The owners, through their body, All India Induction Furnaces Association (AIIFA), said scrap being sold at local levels often do not have the necessary GST framework requirements or compliances for which input tax credit claims become difficult. On the other hand, due to non-availability of such detailing, larger players end up being penalised or face GST notices.

India, one of the largest emitters of green-house gases globally, is looking to bring down its emissions’ intensity by 45 per cent below 2005 levels by 2030 and is also looking to increase the share of non-fossil power capacity to 50 per cent (also by 2030). A parallel target is to achieve net-zero by 2070. As such, Indian steel industry is exploring scrap-based steel production to meet these environmental targets.

Complex supply chain

However, the problem which induction furnace owners face is with respect to sourcing of offerings and “complexity of the supply chains”.

Furnace owners either use ‘old scrap’ generated from white goods and automobile discarded by households or industry; where as ‘new scrap’ refer to tailings generated from manufacturing processes. The old scrap of households is generally bought by smaller unregistered dealers, who in turn sell it to larger registered dealers, without levying any GST; whereas new scrap is bought both by both the unregistered and registered dealers.

Registered dealers must charge 18 per cent GST when they further sell to the steel-producing industry and pay the same to the government.
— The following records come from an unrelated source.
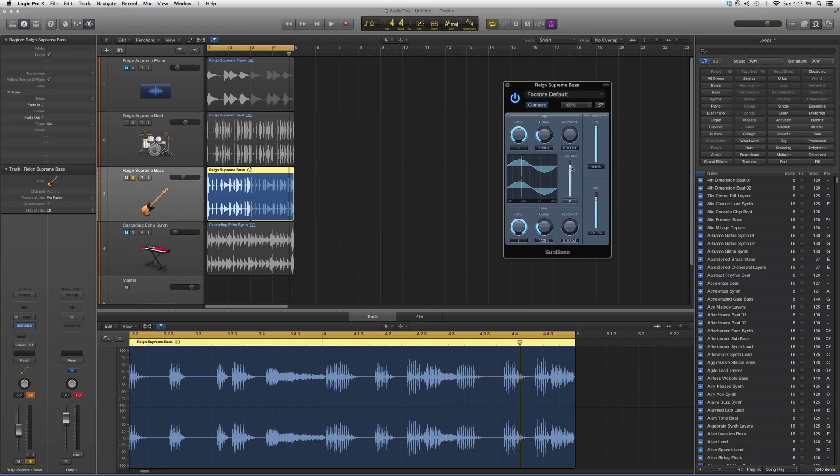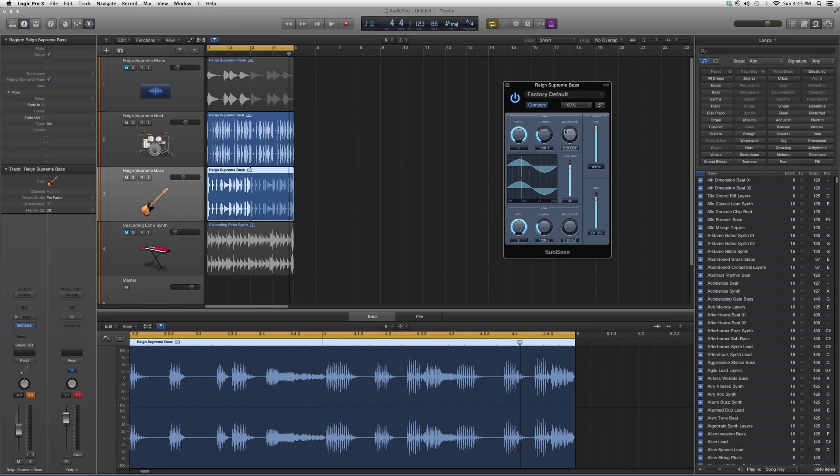So basically go in, throw this on a sub track or a bass track, and play around with it, see what kind of bass effect you can get out of it. If you guys can't seem to get a crack on it, later on in the future I'm going to be showing you guys how I use it on a track.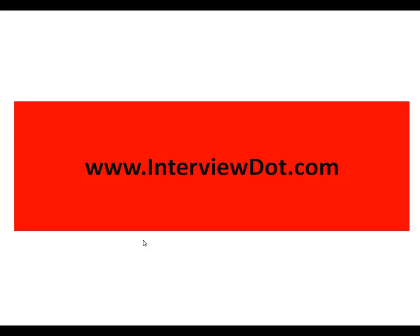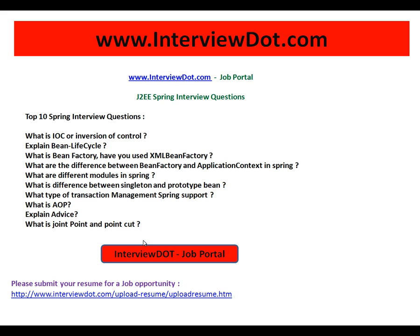Hi, welcome to intv.com. intv.com is a job portal. If you're looking for a job opportunity, you can log on to intv.com and post your resume using the following link. We will do the needful to find the right job based on your skill set.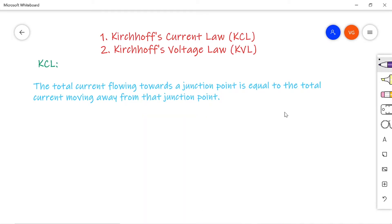In the year 1847, a German scientist named Kirchhoff formulated two fundamental laws for solving networks. So the network may be however big it is — the simplification process starts with these Kirchhoff's laws only.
And at all stages of purchase, GST is charged.

The problem arises when scrap is purchased from unregistered dealers trade continues in cash. In many cases, disclosures are not made properly at the sellers’ end – which the buyer is unable to determine at times- there is often a decline in input tax credit.

“It is impossible for buyer (to) ascertain or ensure full compliance from the seller’s end”, the association mentioned in its letter to the Ministry, reviewed by businessline.

The association has also pointed out that at times the detection of non-compliance at the sellers’ end is detect at a later date be “the input tax credit of the buyers are reversed in GST Ledger and it becomes the buyer’s responsibility to pay this GST with interest.”

“The buyer ….. being considered as an offender leading to cases and penalties being imposed on him,” the association mentioned. This has led to tax evasion running into a few hundred crore and also litigation piling up, they added.